Artigo Destaque dos editores

O impacto dos fatores históricos para o atual problema da guerra fiscal do ICMS

Leia nesta página:

O ICMS é um imposto enormemente impactante na economia do Brasil e vem catalisando graves problemas ao pacto federativo, ocasionados pela chamada guerra fiscal. Essa situação decorre diretamente de fatores históricos.

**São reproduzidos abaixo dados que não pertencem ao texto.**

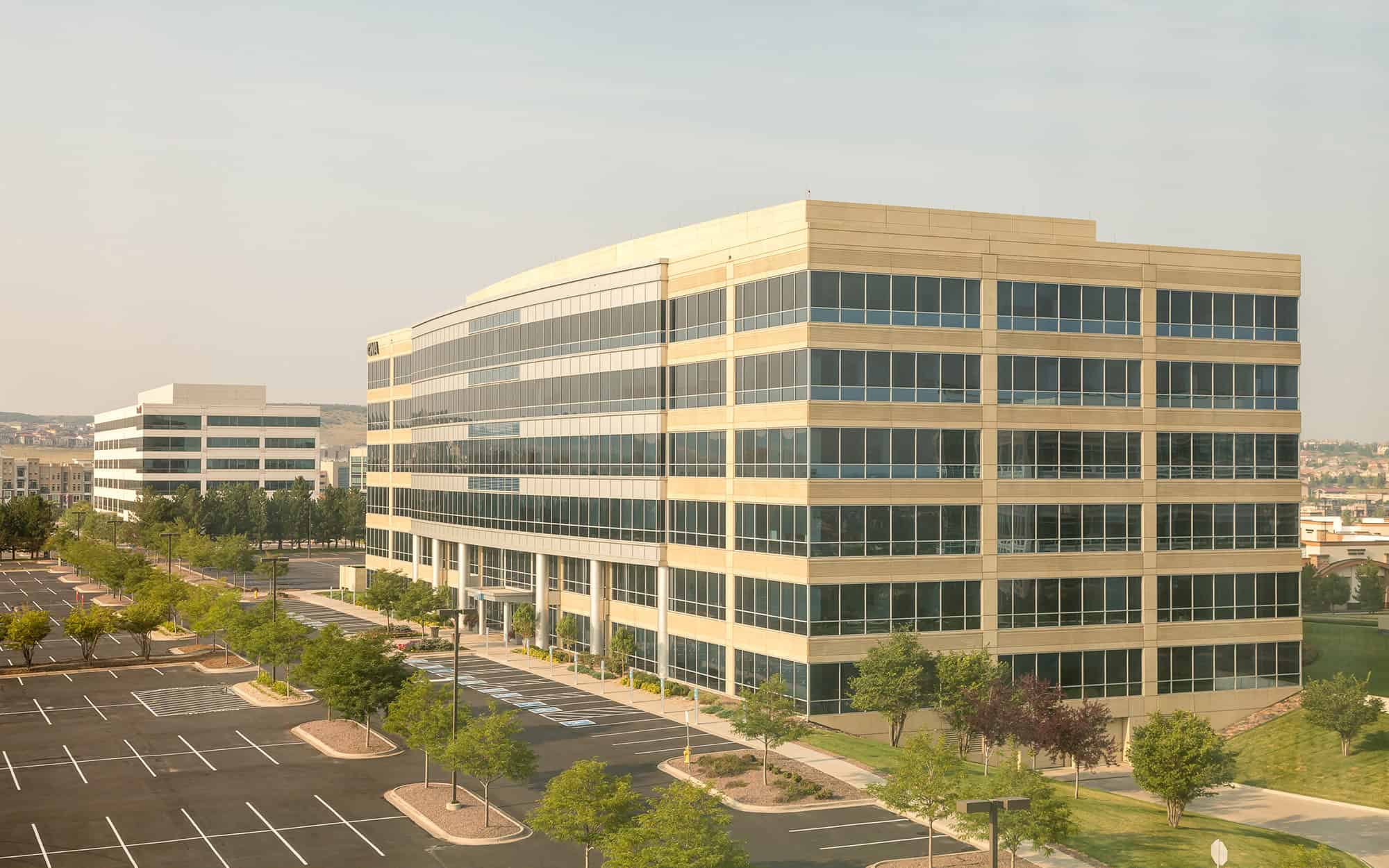 Wide view of White Concrete Office Building with Black Windows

O ICMS (imposto sobre operações relativas à circulação de mercadorias e sobre prestações de serviços de transporte interestadual, intermunicipal e de comunicação), da competência dos Estados e do Distrito Federal, é um imposto totalmente impactante na economia do Brasil e riquíssimo em peculiaridades próprias que o tornam diferente de qualquer outro previsto em outros países.

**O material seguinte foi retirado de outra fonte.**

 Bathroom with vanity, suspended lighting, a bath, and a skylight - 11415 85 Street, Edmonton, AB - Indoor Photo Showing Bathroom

A escolha do Legislador brasileiro na divisão das competências quanto à tributação sobre bens e serviços trouxe sérias consequências. A prática comum entre os países é a adoção do chamado imposto sobre o valor agregado ou adicionado (IVA), tributando o valor acrescentado em cada transação efetuada pelos agentes econômicos. Esse tipo de imposto, por suas características, é eminentemente nacional, sendo razoável que fique a cargo do Governo Central.

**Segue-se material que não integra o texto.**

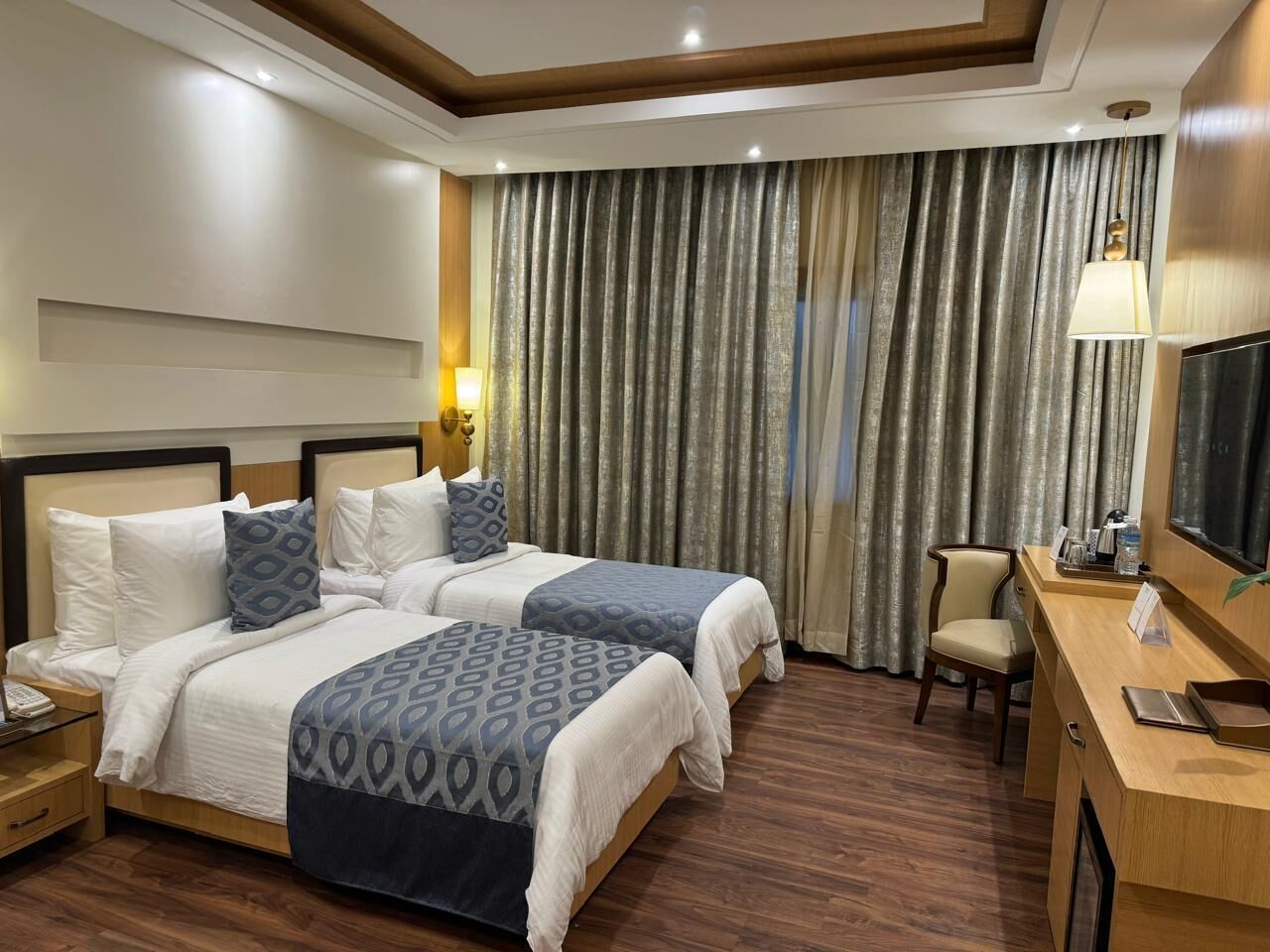 A hotel room with two beds, a desk, a chair, and a television.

No entanto, no Brasil, a tributação sobre bens e serviços ficou dividida em três impostos, o Imposto sobre Produtos Industrializados (IPI), da competência federal, o Imposto sobre Circulação de Mercadorias e Prestações de Serviços (ICMS), da competência estadual, e o Imposto Sobre Serviços de Qualquer Natureza (ISS), da competência municipal (ALEXANDRE, 2015).

O ICMS é o “tributo de maior arrecadação no Brasil” (ALEXANDRE, 2013, p. 578), sendo de imensa relevância para economia do país como um todo. No entanto, muito embora suas características e a experiência vivenciada em outros países com o IVA indicassem que o ICMS ficasse a cargo da União, estabeleceu-se que esse imposto faria parte da competência dos Estados e do Distrito Federal, principalmente devido a questões políticas (ALEXANDRE, 2015).

Os fatores que culminaram nesse resultado são muito bem descritos por Sacha Calmon, então, com base nos seus ensinamentos, passa-se a expor os eventos históricos que resultaram na atual sistemática do ICMS no Brasil.

Na época do movimento militar de 1964, existia no Brasil, desde a Constituição de 1934, o imposto sobre vendas e consignações (IVC), o qual era duramente criticado por economistas e juristas. Essas críticas voltavam-se principalmente para sistemática ultrapassada do IVC, que previa uma tributação “em cascata”, isso, entre outros problemas, acarretava o efeito verticalizador da atividade econômica, propiciava a inflação, sendo um impeditivo do desenvolvimento da Federação e incorreto do ponto vista técnico. Dessa forma, com a Emenda Constitucional 18, de 01 de dezembro de 1965, optou-se por substituir o IVC, tributo cumulativo, pelo imposto sobre circulação de mercadoria (ICM), tributo não cumulativo, que tinha “como fatos jurígenos não mais ‘negócios jurídicos’, mas a realidade econômica das operações promotoras da circulação de mercadorias e serviços, no país, como um todo.” (COÊLHO, 2015, p. 314).

Essa mudança tinha como paradigma seguir o modelo de tributação feito na Europa com os impostos sobre os valores agregados ou acrescidos (IVAs) incidentes sobre bens e serviços de expressão econômica. No entanto, surgiram dois grandes entraves. Primeiro, o fato de que esses impostos, na Europa, estavam presentes em nações que, regra geral, eram de organização unitária, onde inexistiam Estados-Membros, e nos casos excepcionais de países onde existia essa divisão em entes descentralizados a competência para operar o IVA ficava sempre a cargo do Poder Central. Segundo, no Brasil (uma Federação), os Estados-Membros estavam habituados a tributar o comércio de mercadoria (utilizando o IVC), a União, os produtos industrializados, e os municípios, os serviços (COÊLHO, 2015, p. 314).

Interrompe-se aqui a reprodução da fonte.